Tried all as instructed.........But i still cant boot into VISTA

Yes, i had already seen the BSOD INSTRUCTIONS. They are quite standardised. 

Please note> In my case ....I CANT BOOT!!!!!! NO POWER ON USB ports etc. So the only option at my disposal is CD-DVD rom. It seems to work.

Please help! I do appreciate!


----------



## GZ (Jan 31, 2010)

Download UBCD (Ultimate Boot CD - Download the UBCD)
Scroll down to the bottom of the page and choose a mirror site.

Create a CD from the image file (.iso)
Windows 7 - Double click on the image file to launch Windows Image Burner
Vista/XP - Download/install ImgBurn (The Official ImgBurn Website) then use it to create the CD.

Boot the computer to the CD.
From the menu... Select HDD > Diagnosis > Drive Fitness Test.
When prompted, select ATA only.
Run the quick test and note the result and code.
Run the extended test and note the result and code.
Post the results in your next reply.


----------



## LoneTree (Jun 28, 2011)

Sorry friends / helpers!
I am not able to give you a status report, but i will.........TOMORROW!

Thanks for being patient with me.

LoneTree


----------



## LoneTree (Jun 28, 2011)

Hello Sir Gavinazach

As promised, here i am again as promised!

STATUS REPORT...................:

Tried to start the CD UBDCD version 5.03 but all in vain! CD/DVD starts and runs....._its activity light up! However, it stops after about a minute. And thats it......

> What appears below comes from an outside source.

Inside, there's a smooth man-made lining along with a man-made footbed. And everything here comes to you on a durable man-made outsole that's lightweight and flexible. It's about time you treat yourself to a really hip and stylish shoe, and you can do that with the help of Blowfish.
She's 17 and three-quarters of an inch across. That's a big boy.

I have tried booting using CD about (4-5 x)

So...pleaser save my soul....! WHAT NEXT?
_


----------



## GZ (Jan 31, 2010)

Try using the link in my signature to put UBCD on USB drive and attempt.


----------



## LoneTree (Jun 28, 2011)

REPORT>>

TRIAL OF USE OF UBCD PER USB!

Sir I tried as you suggested! Made A Bootable USB /stick with UBDCD on it. There was not expected progress. Probed it ob all 4 ports as well.

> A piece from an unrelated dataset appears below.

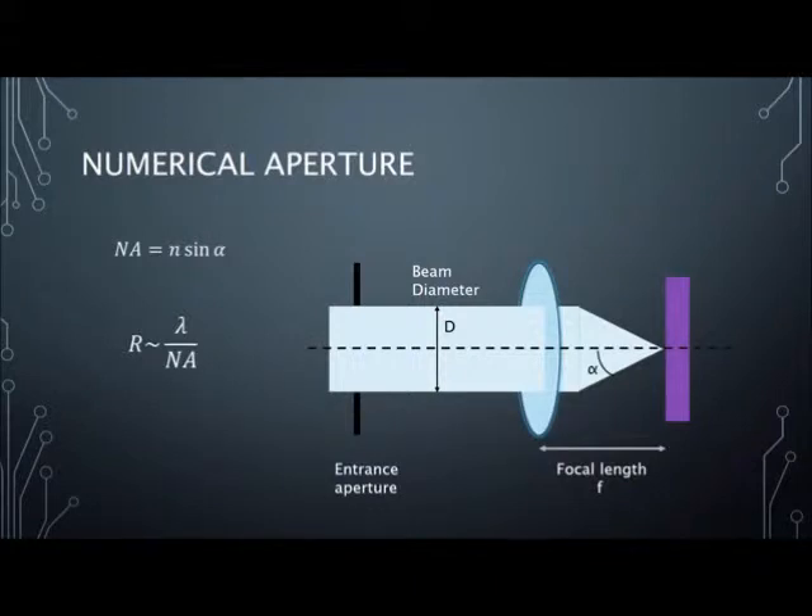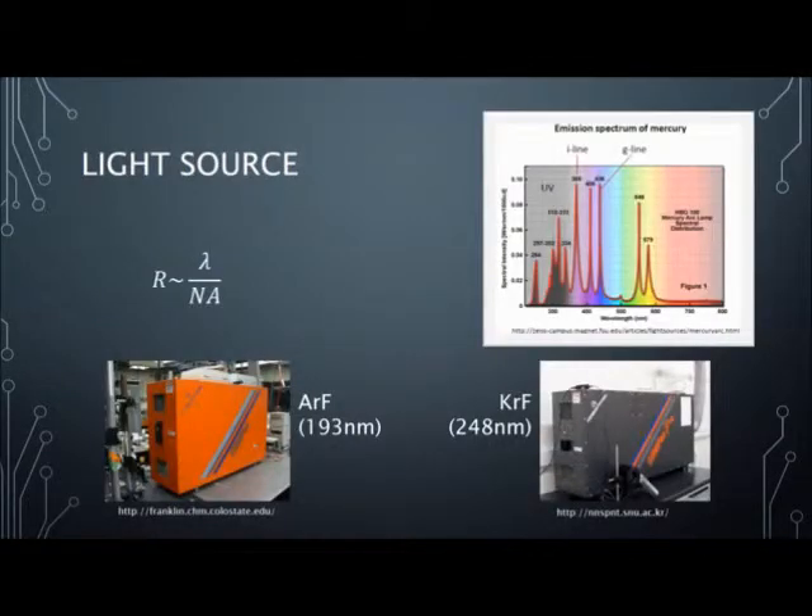The numerical aperture can be approximated with the index of refraction and the max half angle of the collimated light, as shown in the picture. The index of refraction and max half angle can be altered by changes in focal length or beam diameter. Shorter wavelengths of light generate a lower resolution. The old standard light source was a mercury vapor arc lamp with a wavelength of 365 nanometers, while the new standard uses fluoride-based lasers with a smaller wavelength.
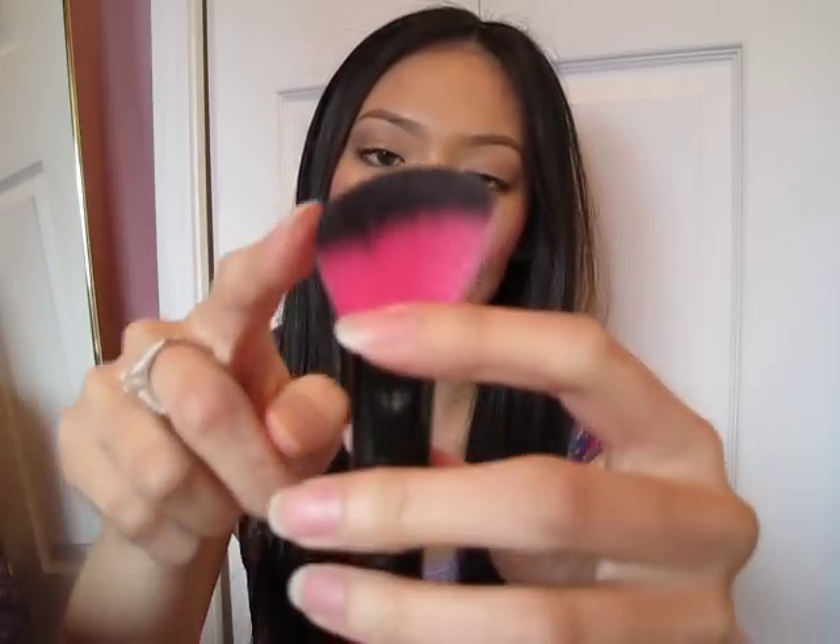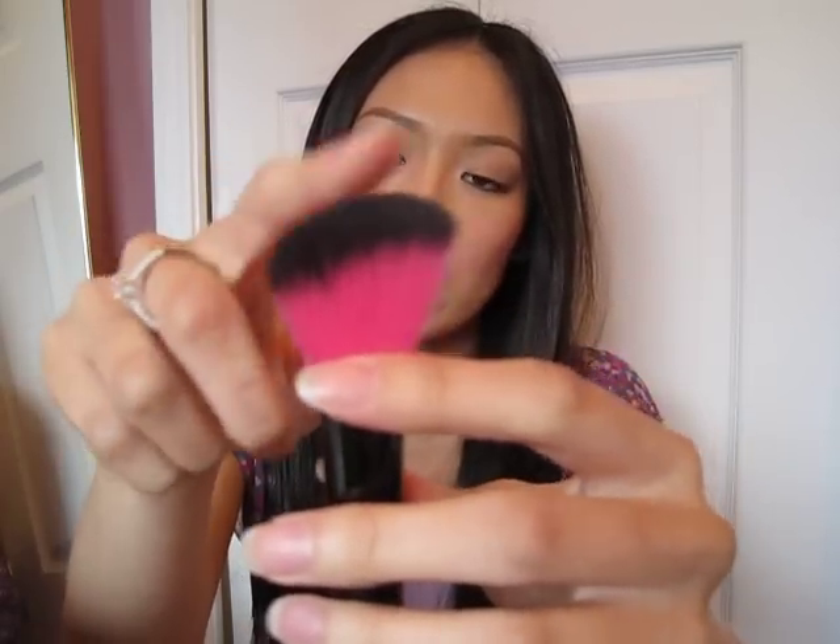The other thing I like is that the top is black so you can actually see how much product you're putting on your brush. I believe this was about $3.99, so super cheap, and it's pretty good — not bad at all.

what Next? I am more than attentive! 

LoneTree


----------



## LoneTree (Jun 28, 2011)

....Um? Is it in my Name?.....:upset:

LoneTree


----------



## GZ (Jan 31, 2010)

Yes, you mentioned the USB ports weren't working before. Unfortunately the optical drive doesn't seem to be functioning properly either.

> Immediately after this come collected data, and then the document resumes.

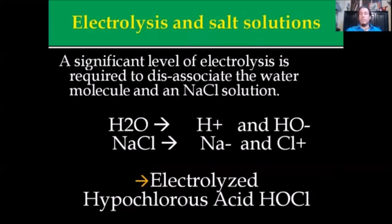Electrolysis and salt solutions: if you introduce a large electric current to a water supply, you're going to break it apart by creating a hydroxyl ion and a hydrogen ion. You need a significant level of electrolysis power to dissociate the water molecule, which will also dissociate the salt solution — breaking it apart. You actually have to burst the bonds so that they temporarily reform to make this substance. When you break H2O apart, you get a hydroxyl anion and a hydrogen ion. When you break apart NaCl, you get those two components, which bind together to give you electrolyzed hypochlorous acid, also known as HOCl.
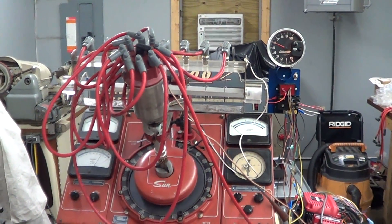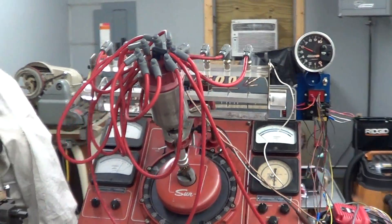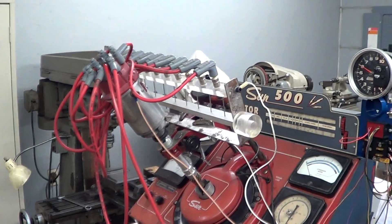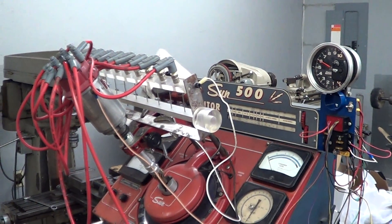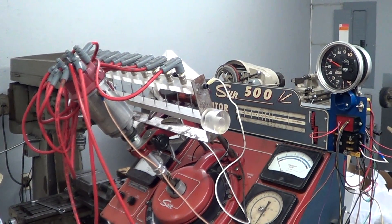Ok, here's the next victim. Getting on old Sparky here. This happens to be a Vertex Mag. We've had it hopped up to about 4 amps so we can run methanol or gas with it. It's the one that we ran in flat track the last few years at Bonneville. Anyway, I'll fire that up and you'll hear how different the spark sound is.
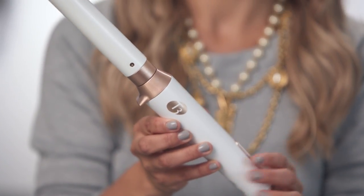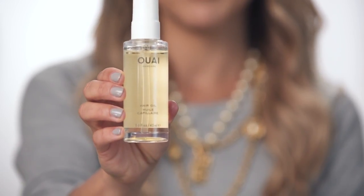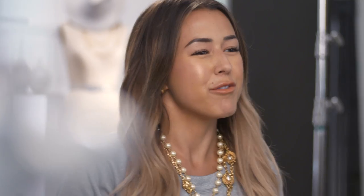To create this look you're going to need four products. I'm going to be using a curling wand from the brand T3, as well as two products from the brand Way — their hair oil and their wave spray — and then you're just going to need a paddle brush. Before you get started you want to make sure you're working with clean dry hair with absolutely no product. That way your style will hold all day. So let's get started.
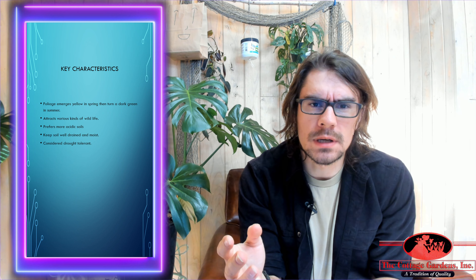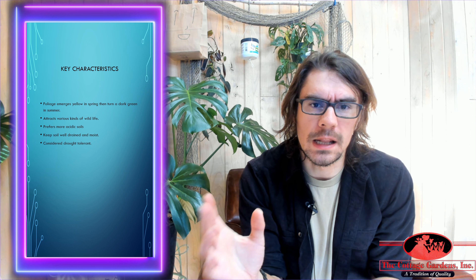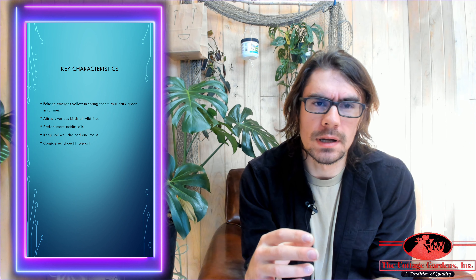It's gonna prefer more acidic soils compared to alkaline. This is one of the trees that actually won't get the yellowing of the leaves if it's in an alkaline soil, but you're still gonna want to keep it in more acidic soil.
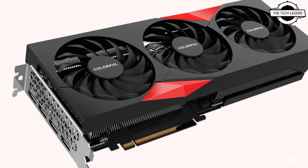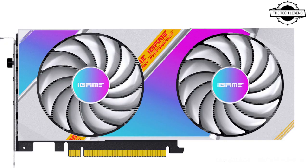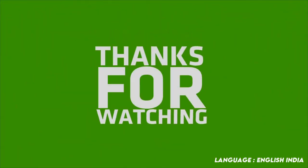The RTX 3050 Ultra W DUO features Colorful's signature One-Key Overclock button that's conveniently located on the rear I/O for a quick and easy performance boost.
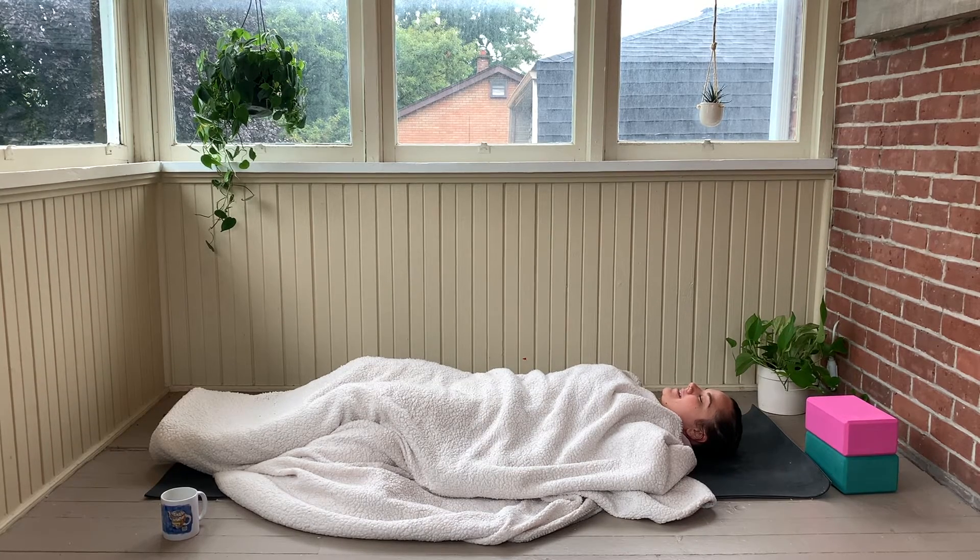This is where we end this practice. You are more than welcome to stay in this shape for as long as you need — as long as your body, your heart, and your mind needs. Thank you so much for joining me today. Namaste.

How far into the boot does the computer get?


----------



## LoneTree (Jun 28, 2011)

How far The BOOT goes?? NO WHERE! This means that apart from the fans starting and the CD/DVD starting to run for about a minute, i have a dead and black screen.

FOR EXPLORATION:
Allow me to think loud sir!............:idea: What if i tried to boot from / using an
SD card? Can any one give me a lead? Does it make sense? How do i go about it?

FACT:
The laptop has a slot for an SD card!

LoneTree


----------



## GZ (Jan 31, 2010)

I am sorry. I was under the impression that you were getting POST. You are still in a black screen situation. Did you follow all of the steps in the black screen post?

I am sorry for the misunderstanding.


----------



## LoneTree (Jun 28, 2011)

OK! No problem!
So.........What now? Should get worried?


----------



## GZ (Jan 31, 2010)

Did you follow all the steps and outlines in the Black Screen thread???

If you did, then it is highly likely the motherboard is failed.


----------



## LoneTree (Jun 28, 2011)

Hello Sir.

So.......I am Back with a new strategy. 

First please let me know what you think about the following>

1. Motherboard Testing Card. 
Have you used one before? Are they reliable?

2. Thermal Grease? 


Thanks

LoneTree


----------



## GZ (Jan 31, 2010)

All the diagnostic card will do is give you a POST diagnostic code. Depending on what the code is, it will likely not be repairable and require a replacement motherboard.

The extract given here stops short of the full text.